▶ [EXERCISE PROMPT]
Retype exactly every line from the one that includes "Amscan Pink Celebration" through the final line of the listing, both ends kept, and omit the pictures.

####

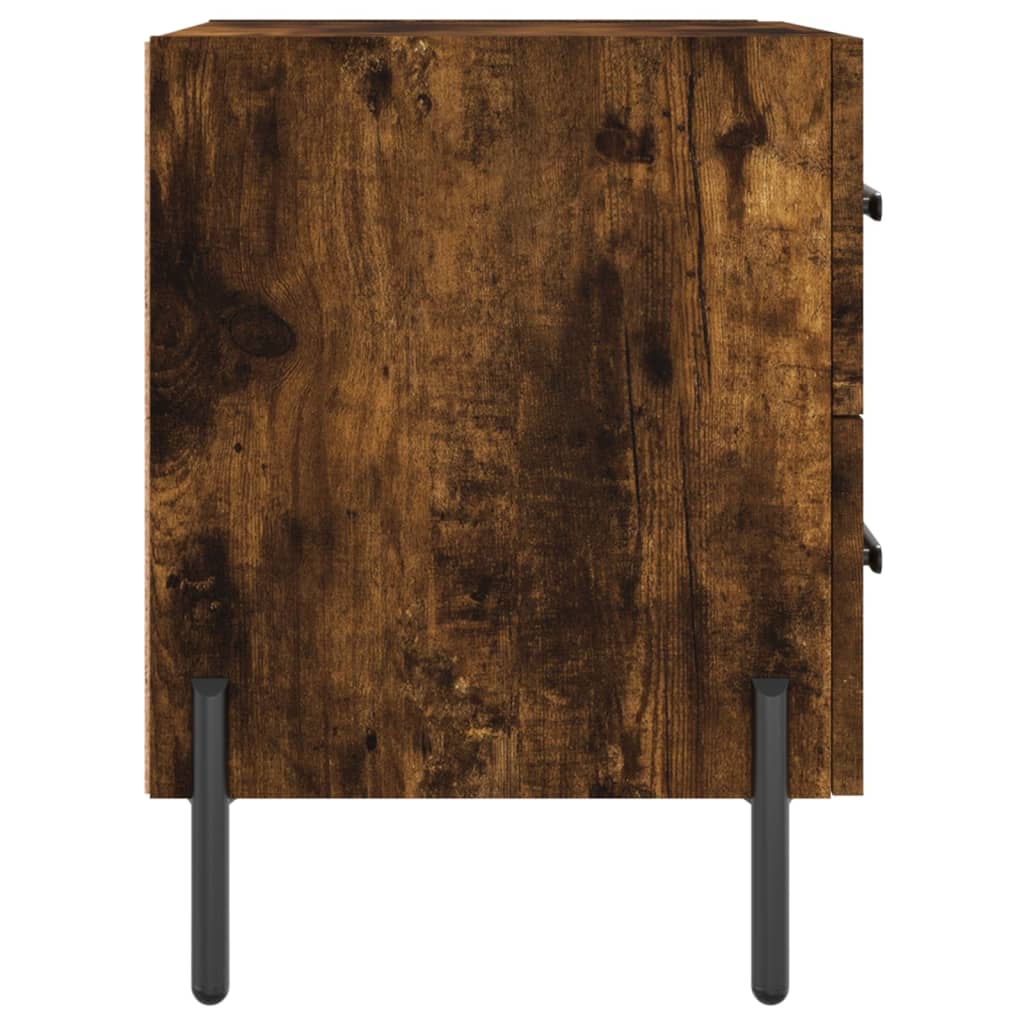 Bedside Cabinets 2 pcs Smoked Oak 40x35x47.5 cm Engineered Wood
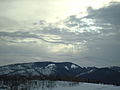 Stratocumulus lenticularis yn Jackson, Wyoming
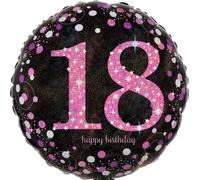 Amscan Pink Celebration 18 Folienballon 0 0 STK
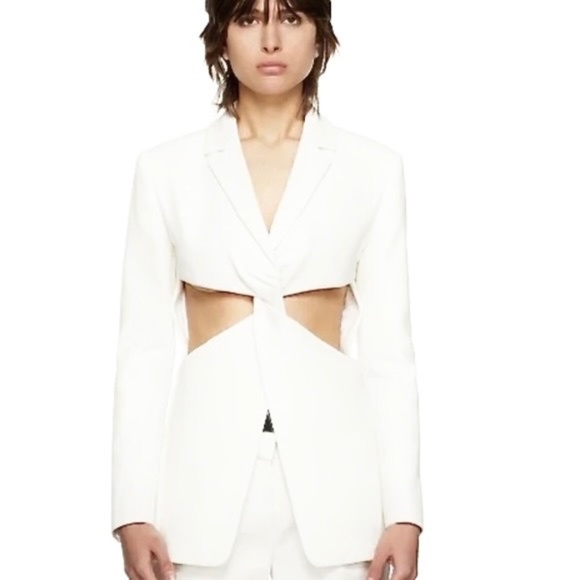 Coperni White Cut-Out Blazer New With Tags US6/Medium FR38 - Picture 1 of 15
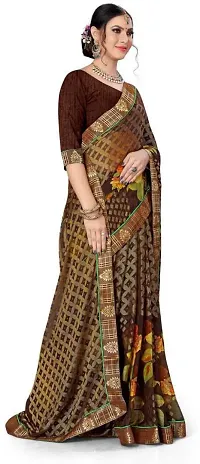 Stylish Fancy Designer Brasso Saree With Blouse Piece For Women-thumb4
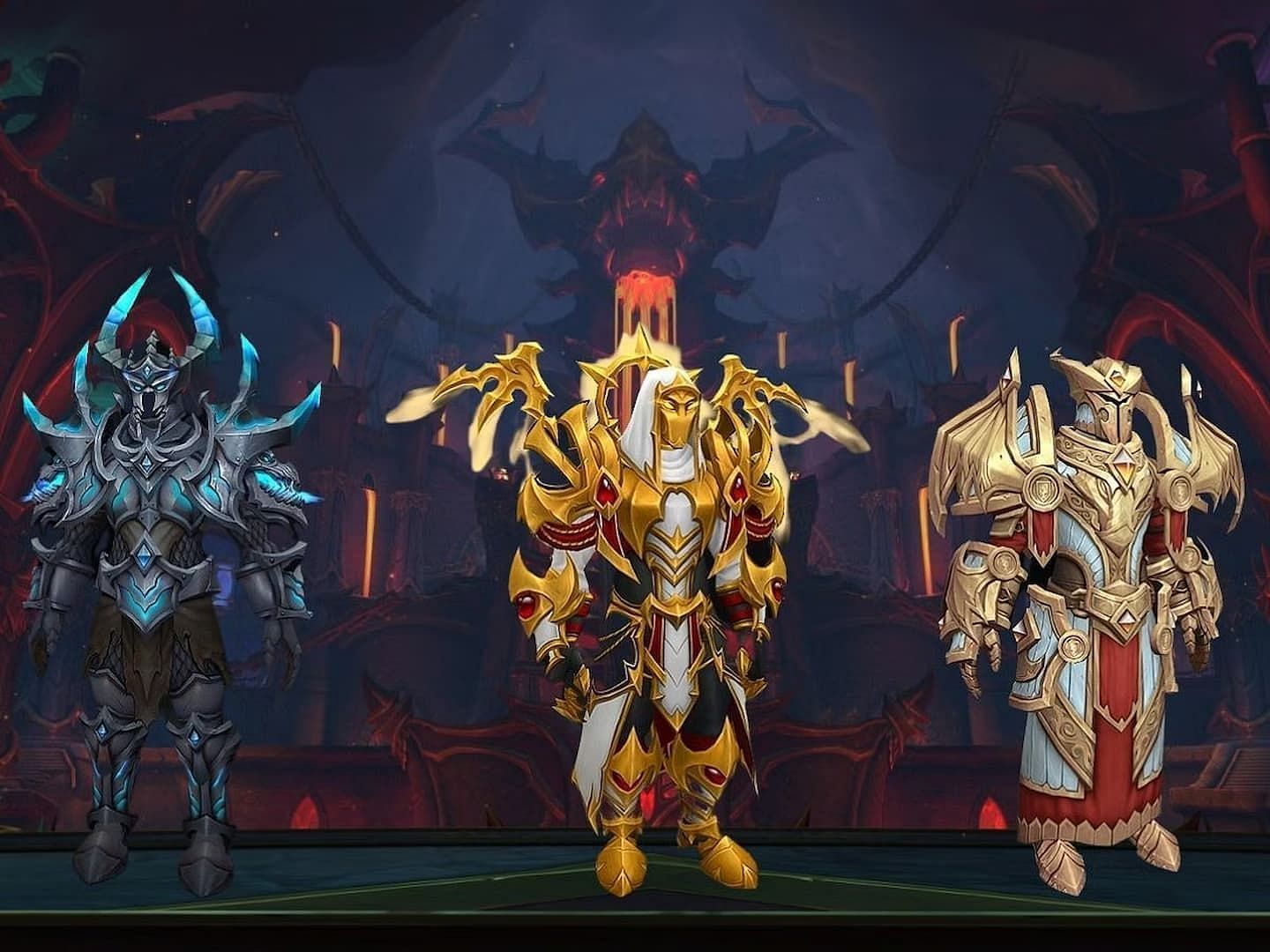 Different tier sets added to World of Warcraft in Dragonflight (Image via Blizzard Entertainment)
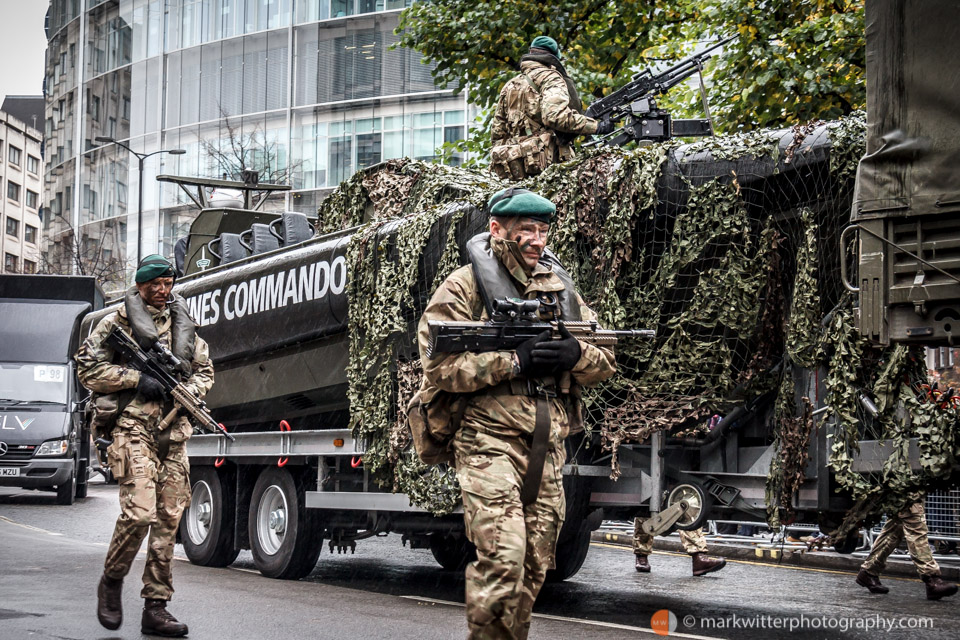 Security Forces at Lord Mayor's Show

####

▶ [REPLY]
 Amscan Pink Celebration 18 Folienballon 0 0 STK
 Coperni White Cut-Out Blazer New With Tags US6/Medium FR38 - Picture 1 of 15
 Stylish Fancy Designer Brasso Saree With Blouse Piece For Women-thumb4
 Different tier sets added to World of Warcraft in Dragonflight (Image via Blizzard Entertainment)
 Security Forces at Lord Mayor's Show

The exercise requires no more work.